Allows controlling the partitioning of the resulting key-value pair RDD by passing a Partitioner.
The ordering of elements within each group is not guaranteed,
and may even differ each time the resulting RDD is evaluated.
Note: This operation may be very expensive.
If you are grouping in order to perform an aggregation (such as a sum or average) over each key,
using [[PairRDDFunctions.aggregateByKey]] or [[PairRDDFunctions.reduceByKey]] will provide much better performance.

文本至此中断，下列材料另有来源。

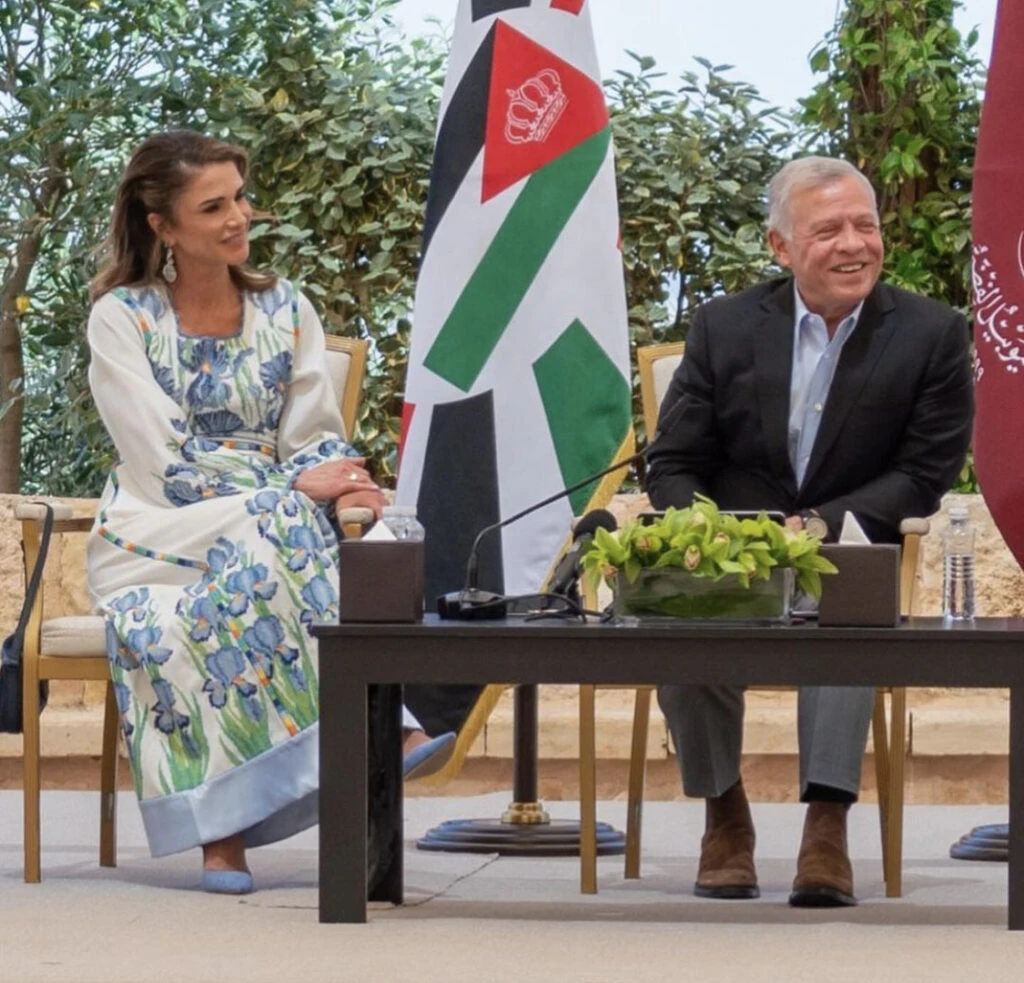 Rania de Jordania y un look floral chic. Foto: Instagram.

Note: As currently implemented, groupByKey must be able to hold all the key-value pairs for any key in memory.
If a key has too many values, it can result in an [[OutOfMemoryError]].
函数原型:
def groupByKey(partitioner: Partitioner): JavaPairRDD[K, JIterable[V]]
def groupByKey(numPartitions: Int): JavaPairRDD[K, JIterable[V]]
源码分析:
def groupByKey(partitioner: Partitioner): RDD[(K, Iterable[V])] = self.withScope {
// groupByKey shouldn't use map side combine because map side combine does not
// reduce the amount of data shuffled and requires all map side data be inserted
// into a hash table, leading to more objects in the old gen.
val createCombiner = (v: V) => CompactBuffer(v)
val mergeValue = (buf: CompactBuffer[V], v: V) => buf += v
val mergeCombiners = (c1: CompactBuffer[V], c2: CompactBuffer[V]) => c1 ++= c2
val bufs = combineByKey[CompactBuffer[V]]( createCombiner, mergeValue, mergeCombiners, partitioner, mapSideCombine = false)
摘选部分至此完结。